Madeline Bassett

Madeline Bassett is a recurring character in the Jeeves stories by English comic writer P. G. Wodehouse, being one of the young women to whom Bertie Wooster periodically finds himself threateningly engaged.

Contents

Overview

Wooster describes her in Right Ho, Jeeves as " a pretty enough girl in a droopy, blonde, saucer-eyed way, but not the sort of breath-taker that takes the breath ", though elsewhere he describes her as "physically in the pin-up class". These moderate charms must be considered in balance with her personality, which is that of the soppiest, mushiest, sentimentalest young gawd-help-us that ever was; even the devotion of Gussie Fink-Nottle wanes with each new injunction to take up vegetarianism or recite Christopher Robin poems at the village concert.

To illustrate her unique outlook on early 20th century life, it may help to mention that Madeline is allegedly fond of remarking in casual conversation that "the stars are God's daisy chain", or that "every time a fairy blows its wee nose a baby is born". Such comments would be in keeping with her general conversational style, which is all too apt to revolve around elves, gnomes, flowers, and small furry creatures. This excessive soppiness is wedded to an impressive degree of self-centered idealism, which for nearly the entire course of the saga keeps her from being wedded to anyone else; at the end of Jeeves and the Tie that Binds she is re-engaged to Roderick Spode and may be presumed to be on her way to becoming the next Countess of Sidcup, as long as he does not make the error of relinquishing his title or speaking ill of Winnie the Pooh.

When not visiting some country house or other as the plots of the books demand, Madeline is generally to be found at Totleigh Towers where she lives with her father, ill-tempered magistrate and silver collector Sir Watkyn Bassett, and her father's ward Stiffy Byng. The two girls seem to be on good terms, Madeline supporting Stiffy's secret engagement to Stinker Pinker, but Stiffy has little trouble in perceiving Bertie's unwillingness to be leg-shackled to La Belle Bassett and makes extensive use of said unwillingness with blackmail.

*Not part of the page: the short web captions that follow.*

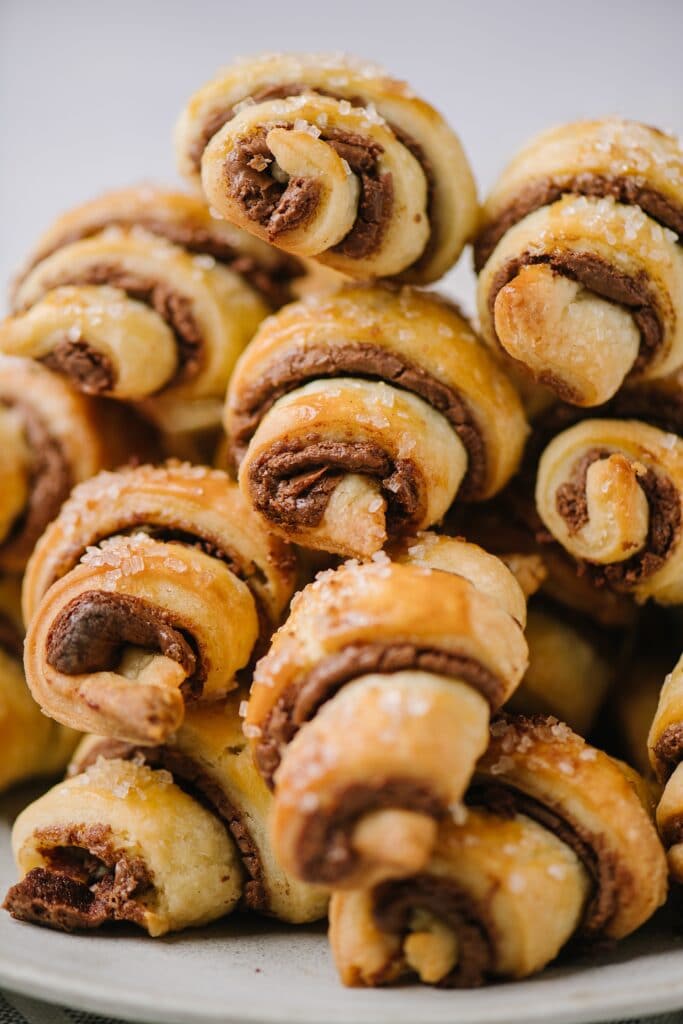A close up shot of a pile of chocolate cinnamon rugelachs, with crispy edges and flakes of sugar.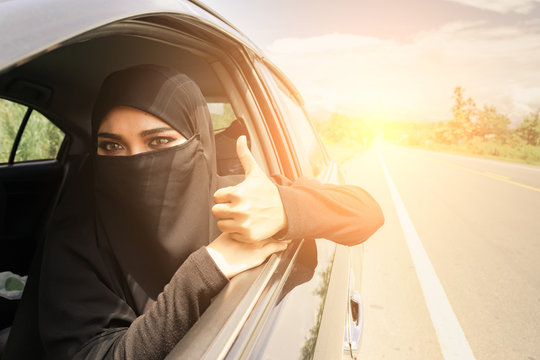 Saudi Woman Driving A Car On The Road. Muslim Woman Driver Concept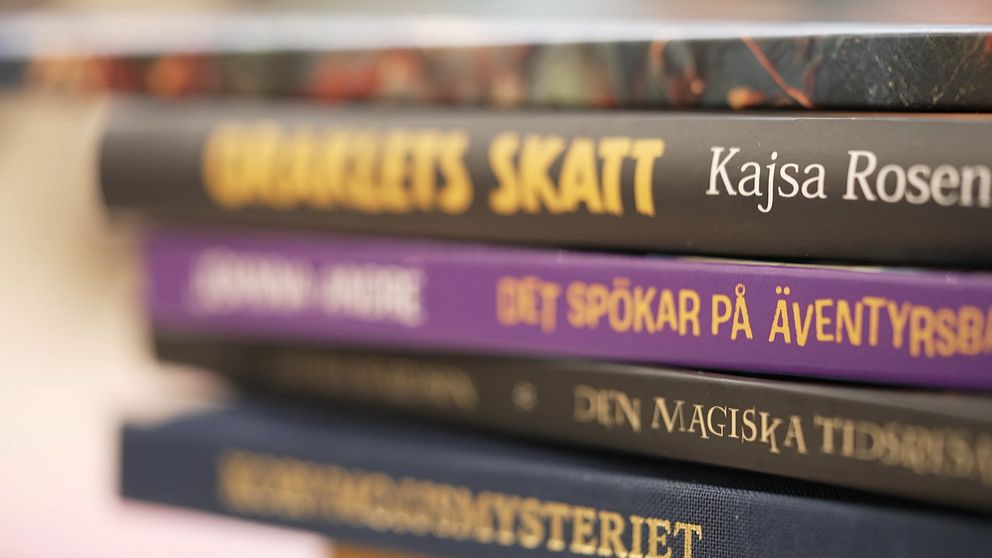 Närbild på en stapel böcker för barn och unga med titlarna synliga på bokryggarna.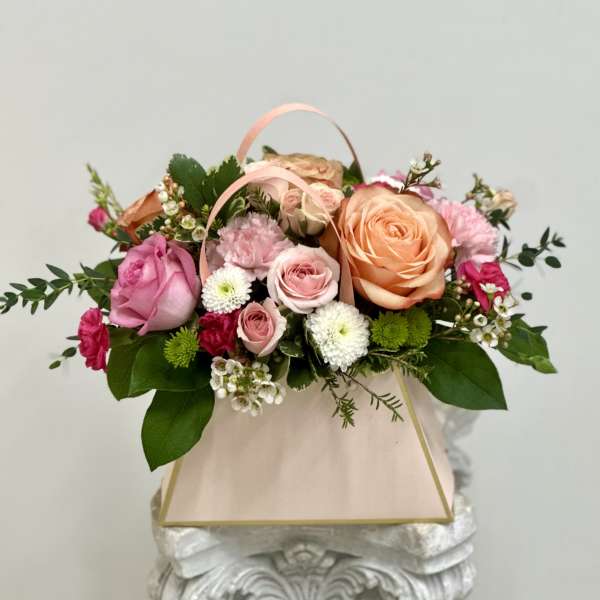 Pastel pink and peach flower arrangement with roses and mums in a blush gift bag-style container.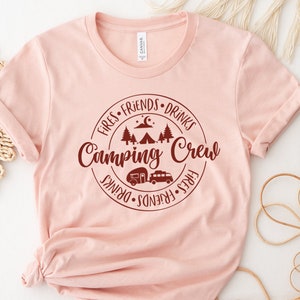 K&ouml;nnte beinhalten: Ein pinkfarbenes T-Shirt mit einem roten Kreis-Motiv, auf dem "Fires, Friends, Drinks, Camping Crew, Fires, Friends, Drinks" steht. Das Motiv enth&auml;lt auch ein Zelt, B&auml;ume, einen Mond und einen Wohnwagen.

This threatened matrimony comes about originally due to Madeline being a friend of Bertie's cousin Angela, the daughter of his Aunt Dahlia Travers. In Right Ho, Jeeves, they meet on a trip to Cannes during which she believes that he is gazing at her with long, dumb, searching looks. What for Bertie is mere terrified longing for his warm safe apartment and the comforting presence of Jeeves and a nice cocktail, Madeline mistakes for pining love; and when he pleads in the third person the cause of Gussie Fink-Nottle who adores Madeline from afar, Madeline of course mistakes his plea for a proposal from Bertie. She gently rejects his proposal, as she has been infatuated with Gussie since their first meeting; however she assures a relieved Wooster that, if ever she felt the need to return Fink-Nottle to the store, Bertie is the first person she'd look to as a replacement fiancé. The health of her various engagements forever thereafter hangs over Bertie's head as a sort of Sword of Damocles.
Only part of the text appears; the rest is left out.